--- WHAT IS REQUIRED ---
Once you have read the data below, please repeat all of it exactly.

** Opening THE DATA block **

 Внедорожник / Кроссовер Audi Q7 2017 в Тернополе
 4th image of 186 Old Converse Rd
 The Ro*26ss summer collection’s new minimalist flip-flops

** Closing THE DATA block **

--- SOLUTION FOR THIS PROBLEM ---
 Внедорожник / Кроссовер Audi Q7 2017 в Тернополе
 4th image of 186 Old Converse Rd
 The Ro*26ss summer collection’s new minimalist flip-flops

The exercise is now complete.